__What you are asked to do__. In the records below, find each line holding the word "breathable" and copy it.

[Data extracted from a collection]
============

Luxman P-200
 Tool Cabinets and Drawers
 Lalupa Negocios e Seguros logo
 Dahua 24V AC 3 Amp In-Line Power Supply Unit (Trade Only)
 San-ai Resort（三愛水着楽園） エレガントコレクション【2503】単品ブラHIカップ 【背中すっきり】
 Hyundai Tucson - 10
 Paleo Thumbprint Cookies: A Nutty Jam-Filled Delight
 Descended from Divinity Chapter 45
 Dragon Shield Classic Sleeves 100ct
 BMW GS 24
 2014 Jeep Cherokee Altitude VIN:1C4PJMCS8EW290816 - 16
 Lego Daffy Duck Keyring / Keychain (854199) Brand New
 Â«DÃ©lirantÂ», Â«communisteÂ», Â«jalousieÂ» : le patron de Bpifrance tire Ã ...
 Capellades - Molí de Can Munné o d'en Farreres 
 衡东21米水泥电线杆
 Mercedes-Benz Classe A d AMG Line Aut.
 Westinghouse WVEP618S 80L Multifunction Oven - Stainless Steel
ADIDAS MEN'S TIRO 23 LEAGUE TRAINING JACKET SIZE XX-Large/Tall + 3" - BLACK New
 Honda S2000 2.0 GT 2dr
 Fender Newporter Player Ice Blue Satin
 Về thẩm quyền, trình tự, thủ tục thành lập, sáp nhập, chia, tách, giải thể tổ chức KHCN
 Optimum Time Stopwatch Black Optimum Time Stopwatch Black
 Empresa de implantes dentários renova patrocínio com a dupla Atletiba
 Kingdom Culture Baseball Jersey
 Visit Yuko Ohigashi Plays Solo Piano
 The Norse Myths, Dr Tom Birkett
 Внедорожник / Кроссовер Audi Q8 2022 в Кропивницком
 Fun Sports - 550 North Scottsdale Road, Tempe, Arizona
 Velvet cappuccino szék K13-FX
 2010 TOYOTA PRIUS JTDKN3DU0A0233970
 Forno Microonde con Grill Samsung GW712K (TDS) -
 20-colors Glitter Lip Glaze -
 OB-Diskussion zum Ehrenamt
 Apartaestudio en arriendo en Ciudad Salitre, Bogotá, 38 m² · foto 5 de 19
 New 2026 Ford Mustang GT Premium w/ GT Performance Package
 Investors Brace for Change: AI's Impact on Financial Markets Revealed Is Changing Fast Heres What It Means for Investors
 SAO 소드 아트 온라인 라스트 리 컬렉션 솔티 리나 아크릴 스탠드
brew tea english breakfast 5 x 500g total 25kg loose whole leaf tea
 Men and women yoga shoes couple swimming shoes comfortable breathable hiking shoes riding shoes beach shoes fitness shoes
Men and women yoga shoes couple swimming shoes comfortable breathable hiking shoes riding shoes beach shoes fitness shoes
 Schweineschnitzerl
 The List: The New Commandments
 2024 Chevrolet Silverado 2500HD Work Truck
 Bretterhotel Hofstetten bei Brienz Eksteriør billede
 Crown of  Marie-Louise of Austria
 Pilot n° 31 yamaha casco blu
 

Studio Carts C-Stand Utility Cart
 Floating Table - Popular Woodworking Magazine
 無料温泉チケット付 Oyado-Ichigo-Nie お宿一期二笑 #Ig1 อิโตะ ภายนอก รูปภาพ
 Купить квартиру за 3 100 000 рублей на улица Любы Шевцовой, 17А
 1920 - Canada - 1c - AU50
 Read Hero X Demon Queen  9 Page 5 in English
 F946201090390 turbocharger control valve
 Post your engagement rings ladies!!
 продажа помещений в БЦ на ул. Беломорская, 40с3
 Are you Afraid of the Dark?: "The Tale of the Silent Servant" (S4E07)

============

__Answer for this exercise__.
 Men and women yoga shoes couple swimming shoes comfortable breathable hiking shoes riding shoes beach shoes fitness shoes
Men and women yoga shoes couple swimming shoes comfortable breathable hiking shoes riding shoes beach shoes fitness shoes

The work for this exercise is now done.